#### DATASET SECTION ####

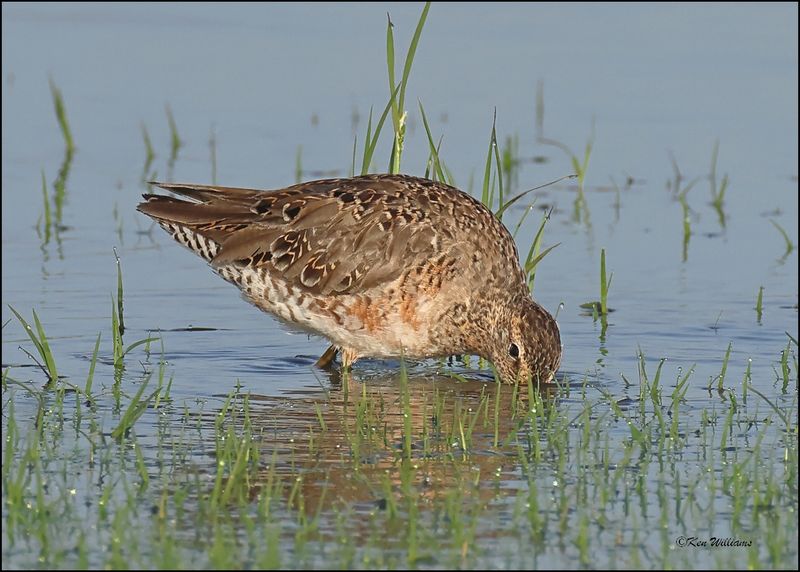 Long-billed Dowitcher, Wagoner Co, OK, 5-7-2024_3879z.jpg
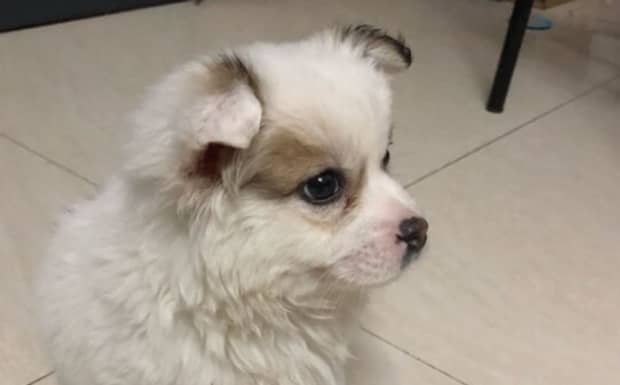 我家狗狗没有精神不吃东西只喝水还吐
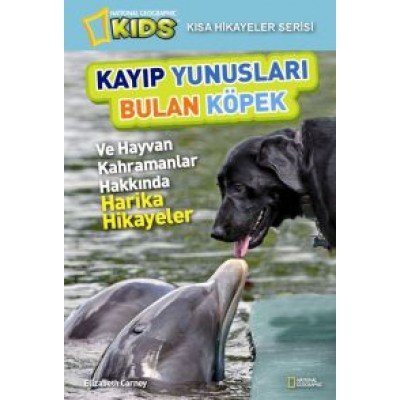 Kayıp Yunusları Bulan Köpek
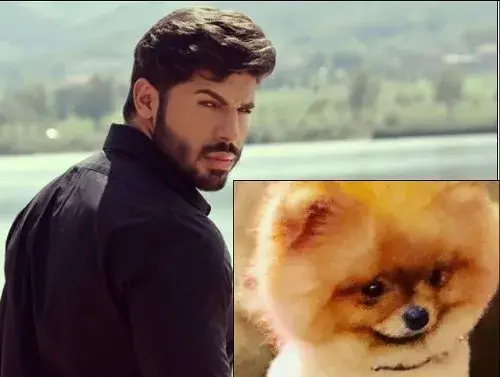 Кучето на Фики умря мистериозно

####

- INSTRUCTIONS FOR THE TASK -
Please repeat the lines above from the line containing "Kayıp Yunusları Bulan Köpek" through the final line, both included, exactly as they stand and without pictures.

- TASK RESULT -
 Kayıp Yunusları Bulan Köpek
 Кучето на Фики умря мистериозно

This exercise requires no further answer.